June 9, 1865 - Testimony of Frank Ward.
FRANK WARD, a witness called for the accused, Samuel A. Mudd, being duly sworn, testified as follows:
By MR. EWING:
Q. Where do you live?
A. At Horse Head, Prince George’s County, Md.
Q. Are you acquainted with Daniel J. Thomas, who has been one of the witnesses for the prosecution?
A. I am.
Q. How long have you known him?
A. I do not know exactly how long, but ever since I was a boy.
Q. Are you acquainted with his general reputation, in the community in which he lives, for veracity?
A. Yes, sir.
Q. What is it?
A. It is considered pretty bad.
Q. Has he been a loyal man throughout the war?

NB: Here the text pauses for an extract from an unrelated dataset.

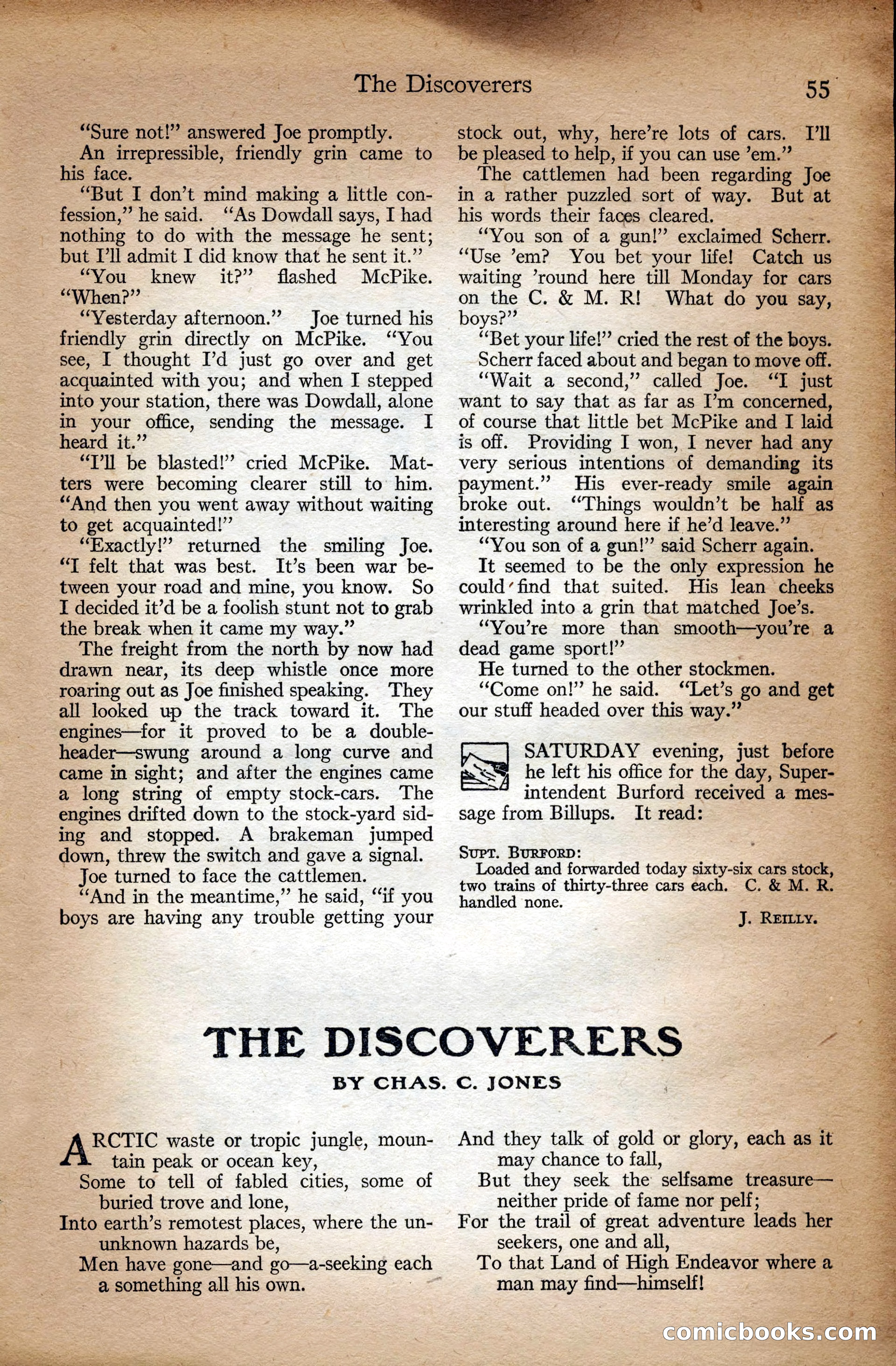 Adventure Magazine Cover — page 57 of 196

A. He is first one thing, and then another, generally; sometimes Union, and sometimes disloyal.
Q. Unstable as to his politics?
A. He is sometimes one thing, and sometimes another. It is generally so understood. I cannot say positively.

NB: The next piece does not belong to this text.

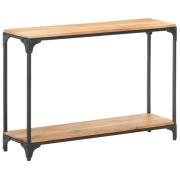 vidaXL Avlastningsbord 110x30x75 cm massivt akaciaträ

Q. Do you know whom he supported for the Presidency at the last election?
A. I have understood that he voted for McClellan.

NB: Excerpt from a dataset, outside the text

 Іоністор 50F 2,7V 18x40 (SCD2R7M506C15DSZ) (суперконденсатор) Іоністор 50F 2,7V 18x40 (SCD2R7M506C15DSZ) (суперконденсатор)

ASSISTANT JUDGE ADVOCATE BINGHAM.
You need not state what you understand.
I did not see him vote. I do not live in his county.
Q. [By MR. EWING.] Have you been a loyal man through the war?
A. I have tried to be so.
By the COURT:
Q. Did you vote for McClellan?
A. I did.
By ASSISTANT JUDGE ADVOCATE BINGHAM:
Q. Did you vote for Harris for Congress?
A. I am not positive about that: I am not certain.
Q. Is it doubtful?
A. I do not recollect whether I voted for him or not.
By the COURT:
Q. Did you not rejoice at the success of the rebels at the first battle of Bull Run?
A. No: I did not do that.
By ASSISTANT JUDGE ADVOCATE BURNETT:
Q. You said that Daniel J. Thomas’s reputation for truth was not very good: will you state to the Court the name of any person you heard speak of his veracity before this trial?
A. I do not know any one particularly. It is a general thing.
Q. If it is a general thing, can you not give us some one of that general number, any man in that entire community, who, before this trial, said one word in reference to Mr. Thomas’s veracity? I want you to name a man.
A. I think I have heard the Ormes speak about it.
Q. When did you hear them say it? and what did you hear them say?
A. I do not know particularly, exactly.
Q. Did you hear them say any thing about his truth?
A. I have never taken a minute of any thing of the kind.
Q. Have you any recollection now of hearing them say any thing about it?
A. No more than I have heard them talking in conversation; and they would say they would not believe him, or something like that.
Q. Did you hear them say that before this trial?
A. I do not know particularly about that.
Q. We want you to state particularly what you know. Did you hear them say that, or not?
A. I do not know that I heard them particularly.
Q. If you did not hear them, whom did you hear say that? or did you hear any person say any thing about it before this trial? or is it only an opinion you have gathered from the rumors that come to that neighborhood, and the opposition that has been raised against him during this trial?
A. I do not know any thing more than what I have generally heard.
Q. You cannot name a man in that entire community that you heard say a word about his truth before this trial?
Q. How far do you live from Mr. Thomas?
A. About two miles.
Q. You are unable to name a single man?
A. I do not know of any particular person I can positively name.
Q. You cannot say positively whom you have heard say any thing about it, so as to tell us who it was?
A. I do not know exactly.
Q. You cannot state a man?
A. I cannot state positively.
By MR. EWING:
Q. Was your knowledge of his reputation for veracity, knowledge had and obtained before this trial commenced?
A. I have heard as much before as I have since.
Q. Before the war?
A. It has been several years. I do not know particularly whether it was before or since the war.